FET.NAT Le Mal
Published Mar 06, 2019FET.NAT are here to make the avant-garde groove. The Hull, QC four-piece certainly know how to lay down irresistible earworms on their new album Le Mal — from the galloping percussion on opening tracks "Tapis," and "Patio Monday," to the stubby cool jazz bass notes and shuffling drums of "Des Fois." The sputtering beat on "Des Fois II," meanwhile, would be a snug fit on plenty of '80s hip-hop classics.
However, FET.NAT take those conventionally catchy elements and frequently turn them on their ears. With an ethos that's part hard bop, part Brian Eno, the band challenge listeners in dynamic and engaging fashion throughout these nine tracks. Part of that offbeat sound can be attributed to what the band have called a "mirror" effect concept, in which they play portions of the music with standard instruments, then other parts with vintage MIDI (Musical Instrument Digital Interface) to create sound refractions. The result: plenty of ambient, abrasive, and downright unpredictable sounds abounding throughout the LP.

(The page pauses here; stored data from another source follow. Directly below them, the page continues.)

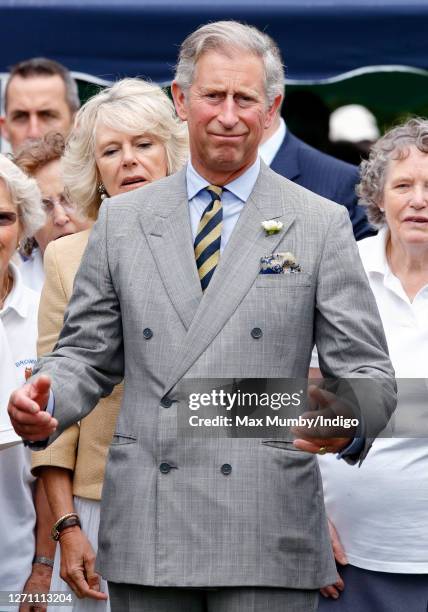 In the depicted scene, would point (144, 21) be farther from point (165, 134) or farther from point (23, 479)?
point (23, 479)

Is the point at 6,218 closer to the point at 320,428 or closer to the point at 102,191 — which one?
the point at 102,191

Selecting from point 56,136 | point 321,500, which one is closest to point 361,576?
point 321,500

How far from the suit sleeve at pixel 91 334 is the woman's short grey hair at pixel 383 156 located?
1561 mm

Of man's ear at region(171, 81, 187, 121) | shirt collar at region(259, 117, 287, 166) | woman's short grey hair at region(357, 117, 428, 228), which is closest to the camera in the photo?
man's ear at region(171, 81, 187, 121)

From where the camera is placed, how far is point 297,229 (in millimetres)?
3623

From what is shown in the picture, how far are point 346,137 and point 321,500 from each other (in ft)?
17.6

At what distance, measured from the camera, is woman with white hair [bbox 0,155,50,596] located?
4.49 meters

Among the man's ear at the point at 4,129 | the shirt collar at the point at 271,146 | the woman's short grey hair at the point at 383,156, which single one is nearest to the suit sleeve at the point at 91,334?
the woman's short grey hair at the point at 383,156

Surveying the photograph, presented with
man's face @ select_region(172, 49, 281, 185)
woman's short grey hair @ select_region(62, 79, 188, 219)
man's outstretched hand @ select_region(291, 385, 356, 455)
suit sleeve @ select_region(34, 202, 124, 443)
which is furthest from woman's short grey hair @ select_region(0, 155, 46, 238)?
man's outstretched hand @ select_region(291, 385, 356, 455)

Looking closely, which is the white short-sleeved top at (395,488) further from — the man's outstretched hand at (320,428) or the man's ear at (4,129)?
the man's ear at (4,129)

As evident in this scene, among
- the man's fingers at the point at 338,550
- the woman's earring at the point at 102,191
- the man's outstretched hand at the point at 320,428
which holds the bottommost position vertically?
the man's fingers at the point at 338,550

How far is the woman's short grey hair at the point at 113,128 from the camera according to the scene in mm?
4746

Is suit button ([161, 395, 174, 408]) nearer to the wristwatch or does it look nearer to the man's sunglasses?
the wristwatch

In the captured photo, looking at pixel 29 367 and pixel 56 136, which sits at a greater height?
pixel 56 136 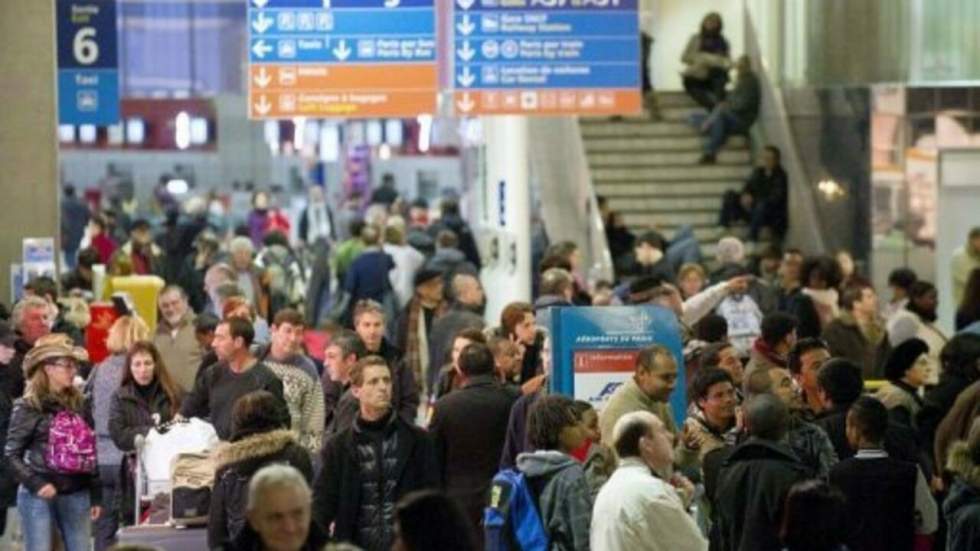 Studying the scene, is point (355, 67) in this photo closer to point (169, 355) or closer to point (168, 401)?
point (169, 355)

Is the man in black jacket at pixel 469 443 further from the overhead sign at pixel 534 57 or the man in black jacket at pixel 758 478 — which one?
the overhead sign at pixel 534 57

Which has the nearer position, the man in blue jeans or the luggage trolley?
the luggage trolley

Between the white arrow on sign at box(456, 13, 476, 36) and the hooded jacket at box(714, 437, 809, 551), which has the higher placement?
the white arrow on sign at box(456, 13, 476, 36)

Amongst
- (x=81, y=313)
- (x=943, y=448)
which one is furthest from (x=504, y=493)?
(x=81, y=313)

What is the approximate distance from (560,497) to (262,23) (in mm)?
10681

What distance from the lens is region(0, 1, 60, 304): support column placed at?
2034 centimetres

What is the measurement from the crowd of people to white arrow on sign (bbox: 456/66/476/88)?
186 centimetres

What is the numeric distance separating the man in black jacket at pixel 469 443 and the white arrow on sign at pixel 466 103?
859 cm

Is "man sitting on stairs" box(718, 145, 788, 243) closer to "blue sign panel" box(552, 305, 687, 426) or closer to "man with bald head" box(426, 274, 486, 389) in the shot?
"man with bald head" box(426, 274, 486, 389)

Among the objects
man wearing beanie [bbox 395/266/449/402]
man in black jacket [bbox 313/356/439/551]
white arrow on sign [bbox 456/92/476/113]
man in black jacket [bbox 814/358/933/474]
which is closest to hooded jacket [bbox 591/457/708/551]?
man in black jacket [bbox 313/356/439/551]

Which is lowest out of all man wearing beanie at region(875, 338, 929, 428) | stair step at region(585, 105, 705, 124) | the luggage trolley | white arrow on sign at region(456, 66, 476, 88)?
the luggage trolley

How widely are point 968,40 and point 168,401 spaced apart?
11.4 m

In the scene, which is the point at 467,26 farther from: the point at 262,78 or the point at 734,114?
the point at 734,114

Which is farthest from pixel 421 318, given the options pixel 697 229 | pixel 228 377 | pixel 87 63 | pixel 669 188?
pixel 669 188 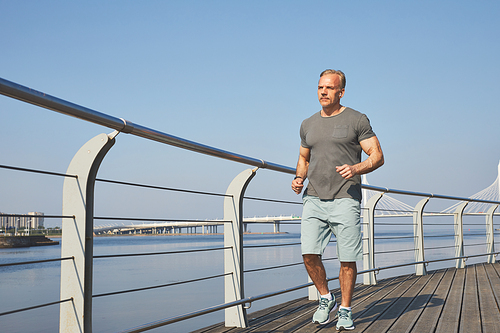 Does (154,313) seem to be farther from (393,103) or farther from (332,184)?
(393,103)

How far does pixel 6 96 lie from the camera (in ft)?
3.40

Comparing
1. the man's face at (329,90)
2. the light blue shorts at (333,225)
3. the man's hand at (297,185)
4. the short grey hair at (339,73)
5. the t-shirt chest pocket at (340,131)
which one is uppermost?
the short grey hair at (339,73)

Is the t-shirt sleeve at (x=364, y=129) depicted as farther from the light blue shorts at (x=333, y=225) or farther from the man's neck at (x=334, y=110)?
the light blue shorts at (x=333, y=225)

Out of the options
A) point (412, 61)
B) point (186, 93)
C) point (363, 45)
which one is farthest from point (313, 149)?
point (412, 61)

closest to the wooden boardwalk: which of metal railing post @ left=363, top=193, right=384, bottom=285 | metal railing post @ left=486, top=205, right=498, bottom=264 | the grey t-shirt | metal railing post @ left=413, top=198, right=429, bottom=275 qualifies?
metal railing post @ left=363, top=193, right=384, bottom=285

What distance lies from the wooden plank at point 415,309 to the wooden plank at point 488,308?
0.82 ft

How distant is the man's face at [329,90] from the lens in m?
2.03

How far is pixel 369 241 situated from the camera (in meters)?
3.48

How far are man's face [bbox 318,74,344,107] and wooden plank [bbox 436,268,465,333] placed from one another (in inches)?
43.8

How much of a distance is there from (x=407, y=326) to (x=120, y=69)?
15.9m

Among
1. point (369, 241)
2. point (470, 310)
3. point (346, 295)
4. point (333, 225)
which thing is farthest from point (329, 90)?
point (369, 241)

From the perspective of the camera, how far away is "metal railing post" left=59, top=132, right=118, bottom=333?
1235 mm

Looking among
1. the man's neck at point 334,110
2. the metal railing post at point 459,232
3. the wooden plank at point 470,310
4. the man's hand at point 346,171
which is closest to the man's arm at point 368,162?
the man's hand at point 346,171

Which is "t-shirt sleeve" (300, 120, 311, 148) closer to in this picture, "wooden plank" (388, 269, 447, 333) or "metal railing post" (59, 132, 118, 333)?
"wooden plank" (388, 269, 447, 333) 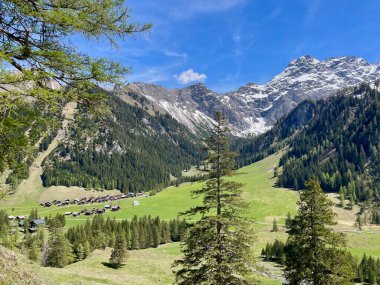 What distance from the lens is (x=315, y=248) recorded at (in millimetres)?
28250

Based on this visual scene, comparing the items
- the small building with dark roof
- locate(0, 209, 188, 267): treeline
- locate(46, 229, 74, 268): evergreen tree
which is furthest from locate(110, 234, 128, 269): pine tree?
the small building with dark roof

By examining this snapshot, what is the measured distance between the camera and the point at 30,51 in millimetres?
11234

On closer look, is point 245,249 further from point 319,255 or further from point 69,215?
point 69,215

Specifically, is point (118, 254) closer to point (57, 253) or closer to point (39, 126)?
point (57, 253)

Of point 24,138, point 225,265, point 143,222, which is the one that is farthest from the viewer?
point 143,222

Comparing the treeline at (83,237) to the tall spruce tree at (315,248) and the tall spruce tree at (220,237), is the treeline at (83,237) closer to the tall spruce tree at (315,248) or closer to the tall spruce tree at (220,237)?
the tall spruce tree at (315,248)

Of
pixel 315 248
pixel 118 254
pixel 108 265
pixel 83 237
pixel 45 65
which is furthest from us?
pixel 83 237

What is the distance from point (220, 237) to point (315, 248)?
8.71m

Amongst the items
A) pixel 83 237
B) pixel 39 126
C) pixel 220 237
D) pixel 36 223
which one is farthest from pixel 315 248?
pixel 36 223

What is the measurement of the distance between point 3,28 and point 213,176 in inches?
799

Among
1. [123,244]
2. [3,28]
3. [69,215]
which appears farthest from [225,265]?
[69,215]

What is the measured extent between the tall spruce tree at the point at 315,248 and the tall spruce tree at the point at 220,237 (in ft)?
16.7

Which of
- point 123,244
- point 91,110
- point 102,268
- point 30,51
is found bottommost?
point 102,268

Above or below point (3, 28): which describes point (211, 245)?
below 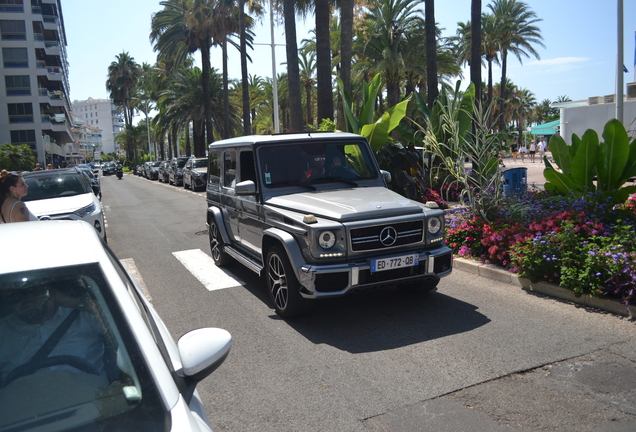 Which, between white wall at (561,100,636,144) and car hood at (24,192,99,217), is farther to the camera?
white wall at (561,100,636,144)

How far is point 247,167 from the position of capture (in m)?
7.31

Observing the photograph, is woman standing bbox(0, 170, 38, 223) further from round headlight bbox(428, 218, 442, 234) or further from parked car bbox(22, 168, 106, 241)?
round headlight bbox(428, 218, 442, 234)

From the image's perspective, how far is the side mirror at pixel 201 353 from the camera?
7.49 feet

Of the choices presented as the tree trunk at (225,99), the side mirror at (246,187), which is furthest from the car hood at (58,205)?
the tree trunk at (225,99)

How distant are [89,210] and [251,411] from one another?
778 centimetres

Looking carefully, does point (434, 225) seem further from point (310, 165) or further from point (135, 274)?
point (135, 274)

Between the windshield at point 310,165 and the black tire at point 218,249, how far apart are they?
7.07ft

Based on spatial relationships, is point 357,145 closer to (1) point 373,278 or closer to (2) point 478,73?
(1) point 373,278

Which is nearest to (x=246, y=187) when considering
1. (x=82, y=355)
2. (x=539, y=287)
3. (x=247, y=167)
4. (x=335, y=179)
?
(x=247, y=167)

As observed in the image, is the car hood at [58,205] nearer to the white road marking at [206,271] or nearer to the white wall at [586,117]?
the white road marking at [206,271]

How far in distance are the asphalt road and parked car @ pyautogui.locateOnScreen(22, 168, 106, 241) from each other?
391 cm

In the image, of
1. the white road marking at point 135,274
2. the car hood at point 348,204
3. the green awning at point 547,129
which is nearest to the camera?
the car hood at point 348,204

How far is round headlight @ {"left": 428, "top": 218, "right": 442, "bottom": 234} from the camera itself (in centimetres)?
600

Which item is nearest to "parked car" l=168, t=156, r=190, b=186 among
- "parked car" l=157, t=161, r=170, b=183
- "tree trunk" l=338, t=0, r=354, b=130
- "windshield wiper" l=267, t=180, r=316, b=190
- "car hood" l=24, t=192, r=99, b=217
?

Aside from that MIDI experimentation, Le Mal is also endlessly experimental because of the genres, instruments and playing styles that the band mashes up, even on the songs where MIDI isn't part of the equation. That jazzy playing on "Des Fois" is coupled with hoarsely whispered lyrics that are barely decipherable, though the neurosis behind them rings loud and clear.
Same goes for "Soft Purse," which sports a borderline hard rock rhythm interspersed with squealing feedback. "Tapis d'Orient" meanwhile, has funky '70s-style bass notes in the vein of a Sly and the Family Stone record. Speaking of slyness: the song's French lyrics are sung with what sounds like a slithering tongue.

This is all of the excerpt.